France hotel stays tumble amid 'yellow vest' unrest
Paris (AFP) –
The number of overnight stays in hotels in France slumped in the first quarter, especially in Paris, the national statistics office said Thursday, blaming the nationwide "yellow vest" protest movement for putting off foreign tourists.
In the first three months of 2019, the number of overnight stays in tourist accommodations in France fell 2.5 percent from the same period the year earlier, statistics office INSEE said.
Visits by foreigners fell the most dramatically, with 4.8 percent fewer overnight stays by non-residents recorded in the period.
The Ile-de-France region which encompasses Paris posted the sharpest declines, with the number of overnight stays dropping 4.6 percent.
This was "probably due to the movement of the yellow vests," Insee said.
Since November last year, protesters wearing their high-visibility yellow vests have staged angry protests accusing President Emmanuel Macron and his government of failing to solve France's inequality problems.
The biggest demonstrations have been in Paris but there have also been protests in other big cities.
Usually held on Saturdays, the rallies have often degenerated into fiery clashes between demonstrators and police, with dramatic images beamed around the world.

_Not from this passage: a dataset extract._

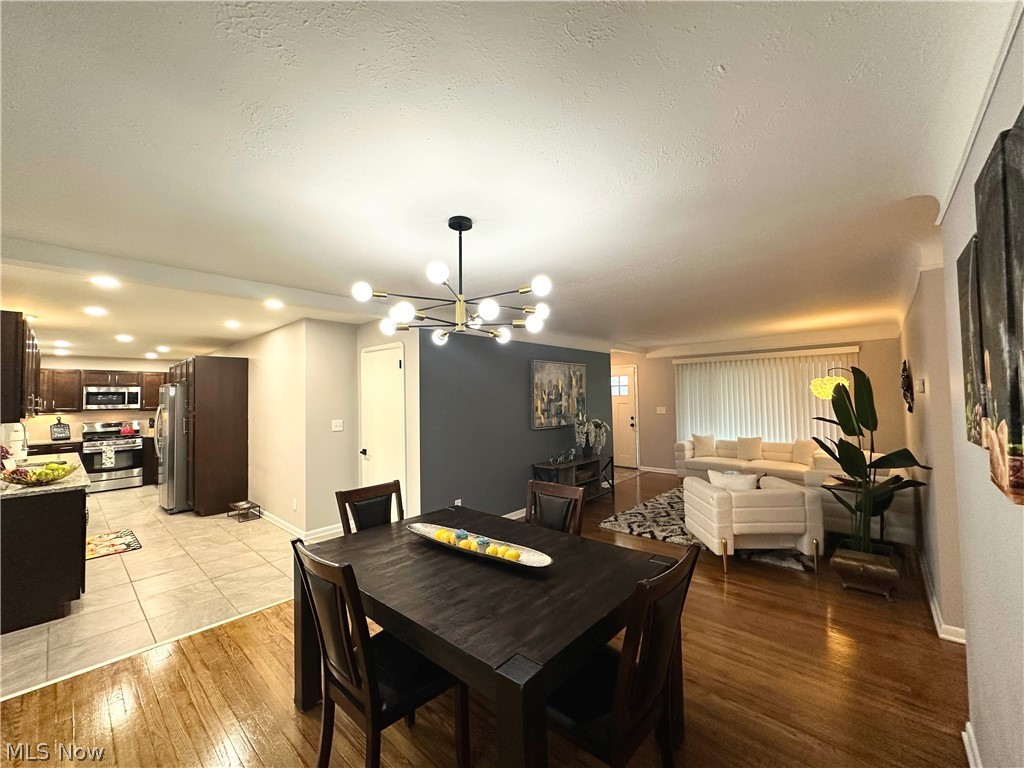 244 Starlight Drive Seven Hills OH 44131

Insee said by contrast that hotel occupancy increased almost five percent in coastal areas as French residents took advantage of dry and warm weather since the beginning of the year.
It noted that the overall decline in hotel occupancy in the first quarter "followed more than two years of steady growth" and a 2.0 percent year-on-year rise in the previous quarter.
France, which boasts not just the magnificent historic centre of Paris but also countless other attractions nationwide, is visited by more foreign tourists annually than any other nation.
The number of foreign tourists visiting annually has been approaching 90 million in recent years, despite a spate of attacks carried out by Islamist militants.
But the effects of the yellow vest movement on tourism had already been seen in the final months of 2018.
Another blow came from last month's devastating fire at the Notre Dame cathedral in Paris, which is expected to keep the world heritage landmark and tourism magnet closed to visitors for several years.